Eğlence, “Bunun dışında, hükümet ortağı SPD’li bakan yazdığı açık mektupla kimlere hitap ettiğini de sormak gerekir? Almanya’da yaşayan Türkiye kökenli vatandaşların geneli, Cumhurbaşkanı Erdoğan ve AKP’yi desteklemediğini hepimiz biliyoruz. Dolayısıyla bu hitap muhalif Türkiye kökenlilere de yönelik bir hitap sayılabilir mi diye sormak gerekir.” dedi.

GLADBECK CDU MECLİS ÜYESİ MÜZEYYEN DREESSEN, GABRİEL’İN İKİ DİLDE YAZDIĞI O MEKTUP, DOĞRU OLDUĞU KADAR GEREKSİZ BİR ADIM

Türkiye’deki yoğun antidemokratik gelişmeler ve son olarak insan hakları savunucularının  ve Alman vatandaşlarının tutuklanması ister istemez iki ülke arasındaki havayı da etkiliyor, çünkü Almanya‘da üç milyondan fazla Türk kökenli insan yaşıyor.

Son Referandumda gördüğümüz gibi bunların birçoğu Hükümet ve Erdoğan yanlısı. Alman Hükümeti ve sorumluları bunun bilincinde. Fakat son absürt gelişmeler artık Almayanın belirli alanlarda Türkiye’ye karşı somut adımlar atmasını gerektirdi ve bu adımların Almanya‘da yaşayan Türk kökenliler arasında tepki çekmemesini önlemek için, Dış İşleri Bakanı Sigmar Gabriel’in iki dilde o mektubu yazdığını düşünüyorum.
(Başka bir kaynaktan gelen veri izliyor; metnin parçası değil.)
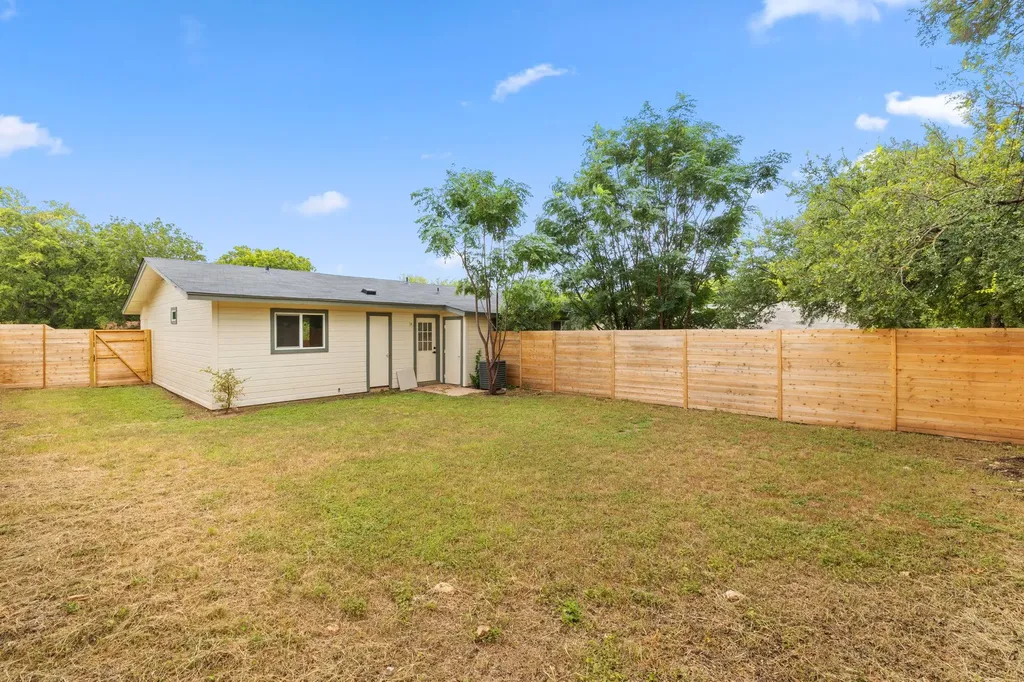 4908 Hawk Cove Austin TX 78745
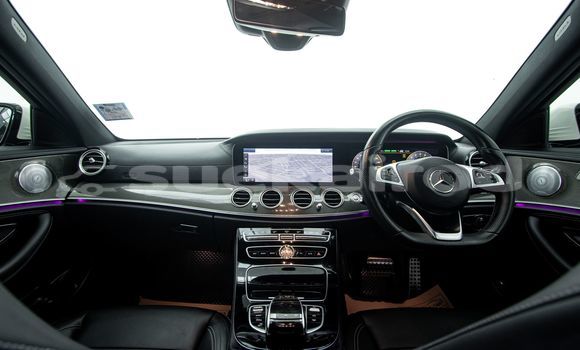 Buy Used Mercedes-Benz E-Classe White Car in Bangkok in Bangkok Buy Used Mercedes-Benz E-Classe White Car in Bangkok in Bangkok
Almanya’nın Türkiye‘ye karşı sürdürdüğü Politika Türk kökenli vatandaşları hedef almıyor. İki ülke arasındaki zor siyasi ilişkilere rağmen Almanya Türk kökenlilere sahip çıkıyor.

Bence doğru ama aynı zamanda gereksizde bir adım. Dünyanın en demokratik ülkelerinden birinde yaşıyoruz.

Hangi ülkeden, dinden ve ırktan olursanız olun eğitimde, siyasette ve ekonomide bütün imkanlardan yararlanabildiğiniz bir hukuk devletinde yaşıyorsunuz. Tabiî ki bazı istisnalar var.

GLADBECK CDU MECLİS ÜYESİ MÜZEYYEN DREESSEN

Nerede yok bu istisnalar? Ama genelde Almanya’da demokrasiye aykırı olmadığı müddetçe görüşümüzü özgürce söyleyebiliyoruz, haklarımızı savunabiliyoruz.

Almanya‘nın bize verdiği imkanları göz ardı edip veya yokmuş gibi sayıp bütün demokratik değerleri ayaklar altına alan bir hükümeti desteklemek anlaşılır gibi değil.

Bunu eleştiren Almanya hükümetinin anlamam için bana mektupta yazması gerekmiyor, çünkü bilhassa Almanya ve Alman hükümeti bütün Nazi söylemleri ve hakaretlerine rağmen son zamanlar da  büyük bir sabır ve diplomasi örneği sergiledi. Yinede bunları anlamamış ve dışlanıyoruz diyenlere bu mektubun faydası olur inşallah.